Dans le cas de votre dernière production, The Two Bellmen, quels sont concrétement vos objectifs?

D.B. The Two Bellmen est la première production d'un court-métrage que nous faisons pour la marque JW Marriott. C'est un film d'action plein d'humour que nous avons tourné à Los Angeles et qui évoque l'art, la musique, les affaires, le voyage et la culture, autant de thèmes attachés à la marque JW Marriott. C'est l'histoire de deux grooms qui font échec à une tentative de hold-up d'une oeuvre d'art dans l'hôtel. C'est pour nous l'occasion de montrer en situation tout ce qu'offre JW Marriott: sa salle de réception, sa nourriture, ses boissons, ses chambres... Nous avons déjà diffusé le trailer. Le film, lui, sera dévoilé le 10 mars. Notre objectif est juste de créer de l'intérêt autour de ce court-métrage et indirectement autour de la marque. Après ce permier opus, axé sur l'art et la culture, nous avons déjà prévu de réaliser cette année The Two Bellmen 2 dans un autre JW Marriott en Chine, plutôt autour du thème de la restauration, une de nos principales sources de revenus. Puis nous projetons de faire The Two Bellmen 3 sûrement à Dubaï début 2016, peut-être autour de l'univers du jeu. Au final, nous aurons trois court-métrages préfigurant une histoire consistante. Car la grande idée (mais cela n'est pour l'instant qu'un projet dans ma tête) est de réaliser, pourquoi pas dans deux ans, un long métrage de cinéma, comme Lego a pu le faire récemment. Ils préparent d'ailleurs une suite. Le patron de Lego a déclaré récemment combien ce film a eu directement un impact sur la notoriété et les ventes de la marque sans parler du succès en salles [fin février, La Grande Aventure Lego avait rapporté 468,7 millions de dollars à travers le monde, selon Box Office Mojo]. Ce sont des films produits par des marques, mais cela ne parle pas de la marque, c'est une expérience autour de la marque.

 

Que peut-on dire de votre dernier projet, The French Kiss?

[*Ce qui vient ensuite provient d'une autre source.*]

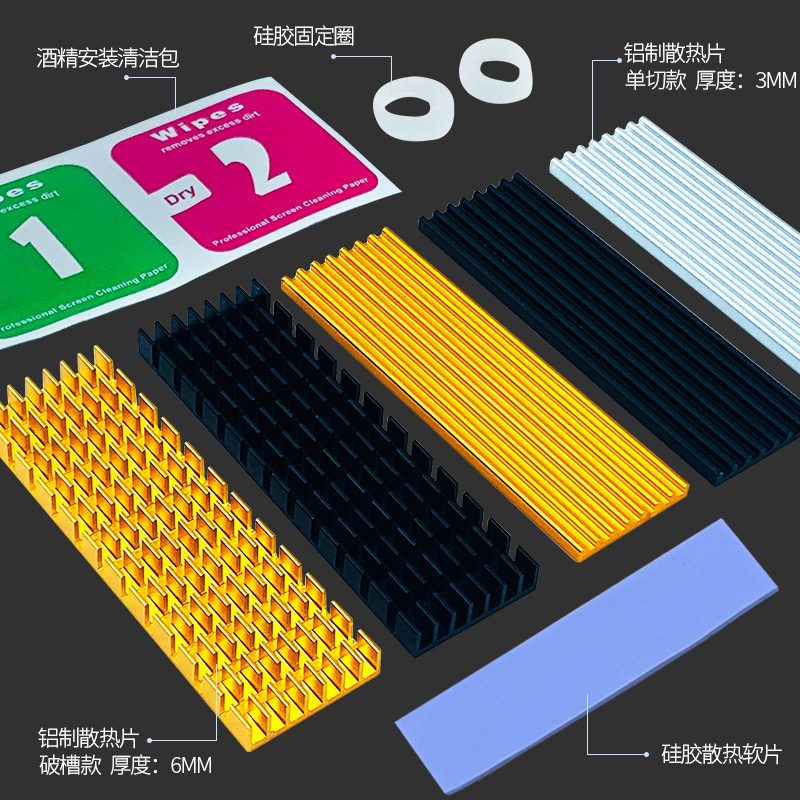 4.5座子推针图片型材图片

D.B. Nous sommes en effet en train de produire un autre court-métrage, intitulé The French Kiss que nous annoncerons officiellement fin mars. C'est l'histoire d'un dirigeant d'entreprise qui vient à Paris pour une conférence sur le thème des nouvelles technologies, il y rencontre une jeune femme, interprétée par un mannequin français, dont il ne sait si elle est réelle ou non. C'est avant tout une histoire d'amour avec en toile de fond l'univers de l'innovation. Et une nouvelle fois, l'hôtel Marriott sera un personnage à part entière de ce film. C'est le premier film que nous produisons pour la marque Marriott.